ABSTRACT
This paper explores which African countries had relatively low rates of underweight children and relatively high birth coverage (percentage of births with a skilled attendant) in the poorest quintile. Swaziland and Rwanda emerged as relatively ‘pro-poor’ in that both measures were more than one standard deviation better than predicted by GDP per capita. Unlike Swaziland, Rwanda’s status as an outlier was eliminated in regressions controlling also for urbanisation, medical professionals per 1000 people and health spending, suggesting that its pro-poor outcomes were related to these factors. AIDS funding may have helped Swaziland provide primary health care to the poor, but its high birth coverage preceded the HIV epidemic.
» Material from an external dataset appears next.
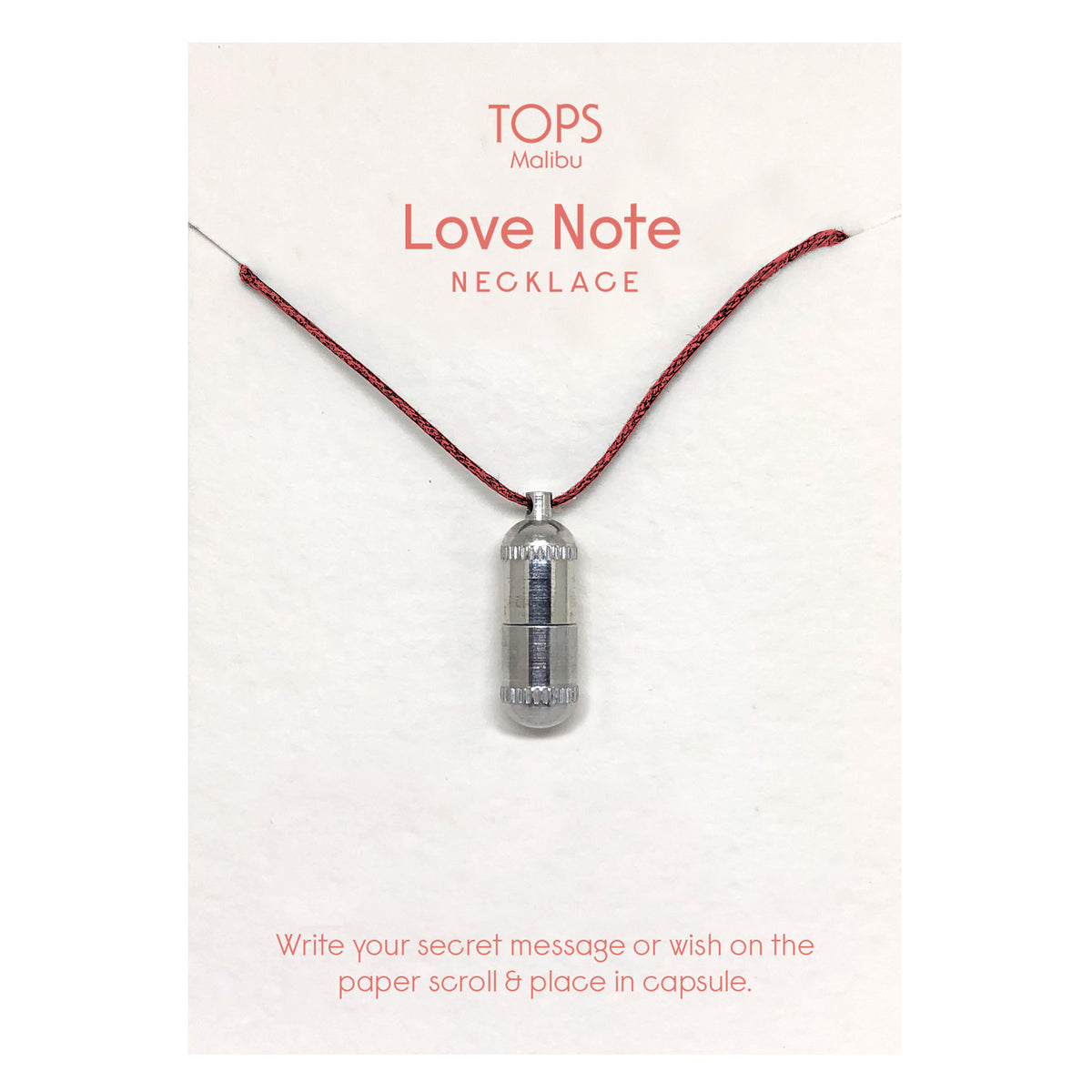Love Note Capsule Necklace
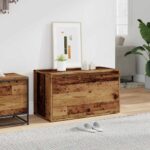 vidaXL Lavica do predsiene 80x40x45 cm Old Wood Engineered Wood – Obrázok 3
Although relatively pro-poor in international terms, Swaziland and Rwanda emerged as relatively unequal by the CIX measure of health inequality with regard to percentage of underweight children across quintiles. It is important not to conflate relatively equal with relatively pro-poor health outcomes.
Disclosure Statement
No potential conflict of interest was reported by the author.
Notes
1 http://www.who.int/gho/health_equity/en/ (data downloaded January 2016).
2 As there is a strong correlation between the log of infant mortality and the log of children underweight (0.78 in Africa and 0.75 in the full sample), we used it to predict values for underweight children in six countries where data exist on infant mortality by quintile, but not on child underweight (Comoros, Indonesia, Madagascar, Philippines, South Africa and Ukraine).